| Exercise requirements |
Please write out exactly the lines from the one with "Ferrum Hausmann Vifor 50Mg 150 ml Jarabe" through the end of the data below, both ends included, and omit any pictures.

| Information supplied |

┄┄┄┄┄┄┄┄┄┄┄┄┄┄┄┄┄┄┄┄

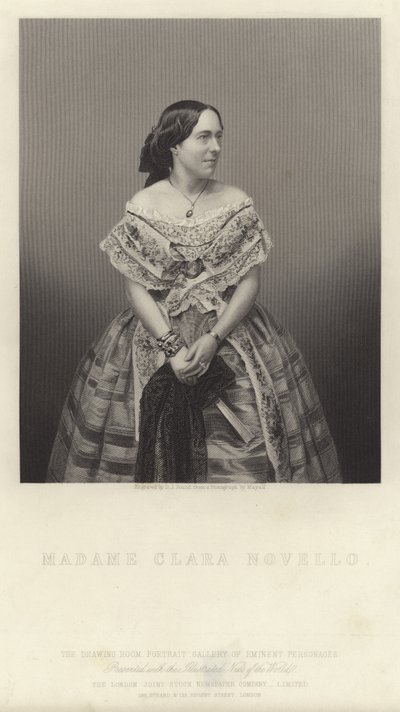Retrato de Clara Novello de English School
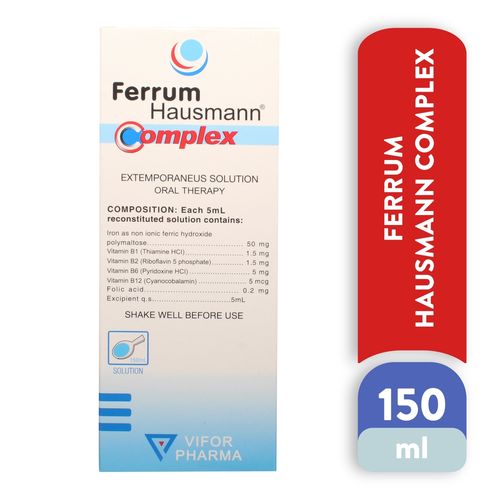 Ferrum Hausmann Vifor 50Mg 150 ml Jarabe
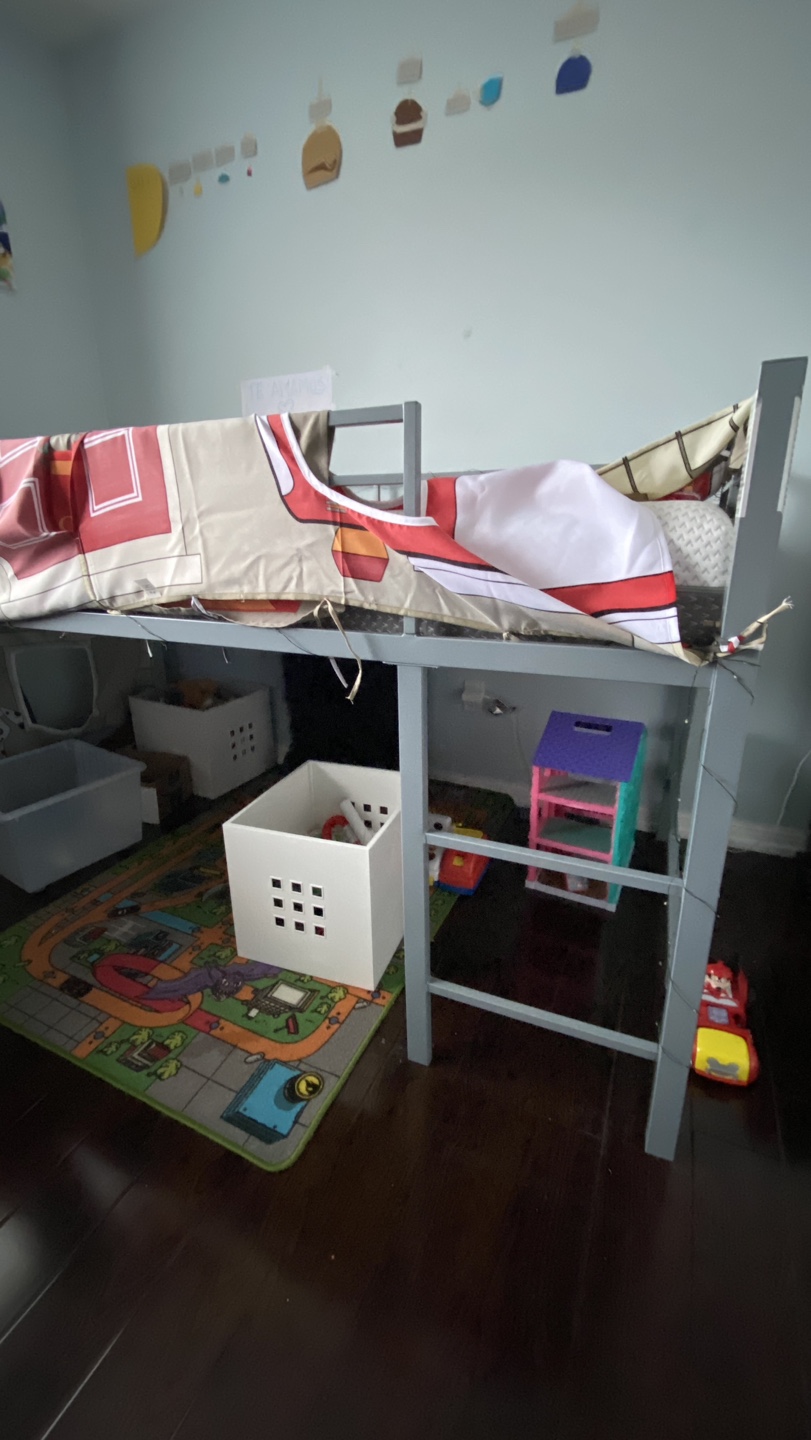 Kids Loft Bed with Firetruck Theme & Slide - photo 4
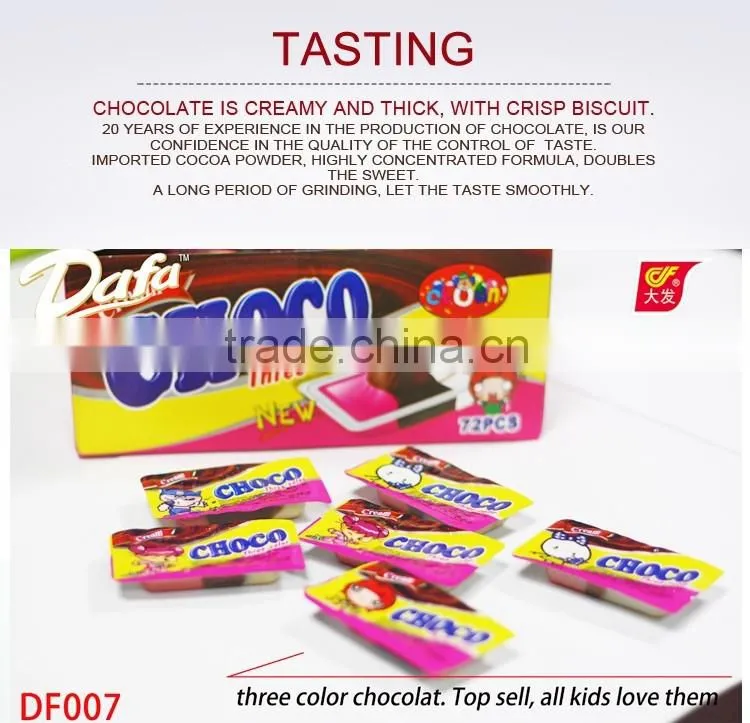 3 color choco cup in box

┄┄┄┄┄┄┄┄┄┄┄┄┄┄┄┄┄┄┄┄

| Exercise response |
 Ferrum Hausmann Vifor 50Mg 150 ml Jarabe
 Kids Loft Bed with Firetruck Theme & Slide - photo 4
 3 color choco cup in box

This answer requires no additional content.